Let us now see if we can find a fourth fountain, and win back our paradise, to be beautified, like that of old, by the water from four fountains or springs. Because if we do not desire to have the earthly paradise restored to us, how shall we hope for the kingdom of heaven? “If I have spoken to you earthly things, and you believe not, how will you believe if I shall speak to you heavenly things?” (St. John iii. 12.) In order, therefore, that by the manifestation of things present the expectation of the future may be made sure, we have a paradise far better and more delightful than that of our first parents. Our paradise is Christ our Lord. In this paradise we have already found three fountains; the fourth is yet to be sought. We have the fountain of mercy for washing away the stains of our sins; we have the fountain of wisdom, giving the waters of discretion for allaying our spiritual thirst; and we have the fountain of grace and devotion for irrigating the plants of our good works. The fourth fountain seems to be the fervid waters of charity. Hence the Prophet exclaims: “My heart grew hot within me, and in my meditation a fire broke forth.” (Ps. xxxviii. 4.) And elsewhere: “The zeal of thy house hath eaten me up.” (Ps. lxviii. 10.) So that the just man loves justice from the sweetness of devotion, and hates iniquity from the fervour of zeal. Was it not of these four fountains that Isaias spoke: “You shall draw waters with joy from the Saviour’s fountains”? (Isa. xii. 3.) And that we may know this promise to be spoken of the present life, not of that to come, mark what follows: “In that day, praise ye the Lord, and call upon his name.” Invocation belongs to the present time, as it is written: “Thou didst call upon me in the day of tribulation, and I heard thee.” (Ps. lxxx. 8.)
Of these four fountains, three seem to apply specially to each of the three chief needs of the faithful. The first – remission – is common to all, for we all “offend in many things,” (St. Jas. iii. 2.) and we have need of the fountain of mercy for washing away the stains of our sins. “We have all sinned, and do need the glory of God,” (Rom. iii. 23.) whether prelates, virgins, or married people.
All Christians likewise, both the penitent and the devout, must have recourse to the second fountain, that of wisdom, for all walk in the midst of snares, and require its guidance to enable them to decline from evil and do good.
All, again, must hasten to the fountain of grace and devotion, that they may receive the unction necessary for fructifying their works and labours of penance and abstinence, and to enable them to act always in a spirit of cheerfulness, for “God loveth the cheerful giver.” This grace we ask in the Lord’s Prayer under the name of our daily bread.

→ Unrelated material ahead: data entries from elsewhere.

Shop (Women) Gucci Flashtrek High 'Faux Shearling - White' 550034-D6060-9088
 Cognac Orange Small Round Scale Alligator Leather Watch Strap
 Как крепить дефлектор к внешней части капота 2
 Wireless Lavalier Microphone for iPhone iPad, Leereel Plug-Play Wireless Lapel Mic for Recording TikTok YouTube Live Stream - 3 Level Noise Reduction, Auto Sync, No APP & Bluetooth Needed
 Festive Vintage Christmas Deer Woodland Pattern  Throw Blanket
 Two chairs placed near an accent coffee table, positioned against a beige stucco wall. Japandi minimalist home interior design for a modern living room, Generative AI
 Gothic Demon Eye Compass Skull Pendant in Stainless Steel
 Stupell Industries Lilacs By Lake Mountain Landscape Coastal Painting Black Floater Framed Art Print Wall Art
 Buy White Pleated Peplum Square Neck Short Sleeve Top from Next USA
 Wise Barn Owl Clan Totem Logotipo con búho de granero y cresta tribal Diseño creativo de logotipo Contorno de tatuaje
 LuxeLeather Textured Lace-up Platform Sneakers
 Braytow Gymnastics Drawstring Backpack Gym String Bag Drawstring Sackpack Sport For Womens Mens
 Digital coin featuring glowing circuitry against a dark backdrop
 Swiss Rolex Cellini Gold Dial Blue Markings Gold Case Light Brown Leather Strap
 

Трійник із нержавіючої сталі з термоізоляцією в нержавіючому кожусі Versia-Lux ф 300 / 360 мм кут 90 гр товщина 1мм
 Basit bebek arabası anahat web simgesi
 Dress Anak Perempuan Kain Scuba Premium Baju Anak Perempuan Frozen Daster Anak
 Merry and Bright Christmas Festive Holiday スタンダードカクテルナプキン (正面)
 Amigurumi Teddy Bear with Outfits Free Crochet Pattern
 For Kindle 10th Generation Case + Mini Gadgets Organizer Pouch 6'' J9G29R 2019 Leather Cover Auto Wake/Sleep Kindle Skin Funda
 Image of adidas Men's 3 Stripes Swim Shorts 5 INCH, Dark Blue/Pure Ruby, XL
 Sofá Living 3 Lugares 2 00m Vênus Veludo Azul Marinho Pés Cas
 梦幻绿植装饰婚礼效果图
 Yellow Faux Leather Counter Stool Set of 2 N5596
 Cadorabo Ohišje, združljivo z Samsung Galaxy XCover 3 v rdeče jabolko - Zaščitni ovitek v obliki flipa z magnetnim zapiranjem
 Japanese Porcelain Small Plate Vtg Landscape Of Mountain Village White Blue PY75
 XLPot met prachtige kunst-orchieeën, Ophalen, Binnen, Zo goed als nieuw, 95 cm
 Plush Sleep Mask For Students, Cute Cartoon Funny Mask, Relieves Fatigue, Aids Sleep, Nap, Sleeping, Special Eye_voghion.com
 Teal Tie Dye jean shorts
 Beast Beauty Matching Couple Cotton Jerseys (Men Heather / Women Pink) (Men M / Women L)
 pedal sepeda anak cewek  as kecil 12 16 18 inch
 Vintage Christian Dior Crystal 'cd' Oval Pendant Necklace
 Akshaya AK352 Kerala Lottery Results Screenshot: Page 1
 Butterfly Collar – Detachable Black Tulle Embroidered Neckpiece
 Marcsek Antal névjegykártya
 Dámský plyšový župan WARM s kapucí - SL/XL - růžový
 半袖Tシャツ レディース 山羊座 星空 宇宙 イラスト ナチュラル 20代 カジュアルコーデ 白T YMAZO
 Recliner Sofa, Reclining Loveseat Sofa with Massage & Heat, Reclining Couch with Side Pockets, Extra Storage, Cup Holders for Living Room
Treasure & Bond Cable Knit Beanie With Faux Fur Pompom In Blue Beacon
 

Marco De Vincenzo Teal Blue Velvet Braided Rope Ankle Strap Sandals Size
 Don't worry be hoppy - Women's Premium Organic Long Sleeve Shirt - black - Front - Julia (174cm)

In all these points nothing else seems to be meant but that our good works are to be seasoned with the fervour of devotion and the spiritual sweetness of grace.
The fourth fountain of zeal seems more specially suited to those in authority.
These four fountains our Blessed Lord offers to us in His own person while we still live on earth. A fifth, which is the fountain of life, He promises to give us in the world to come. This is the water for which the holy Prophet thirsted: “My soul hath thirsted after the strong living God.” (Ps. xli. 3.)
Was it to signify the first four fountains that Christ was wounded in four places while still living on the Cross? while the fifth wound in His side was not inflicted till after He had expired. Jesus Christ offers us the first four fountains during our life. He opens the fifth fountain to us after our death, when He leads us into the possession of eternal life.
But see how, after treating of the mysteries of our Lord’s Nativity, we have suddenly turned to the mystery of His Passion. Yet it is no wonder that we should seek in the Passion for the treasures that Christ brought us in His Nativity, since it was in His Passion that He poured out for us the price of our redemption.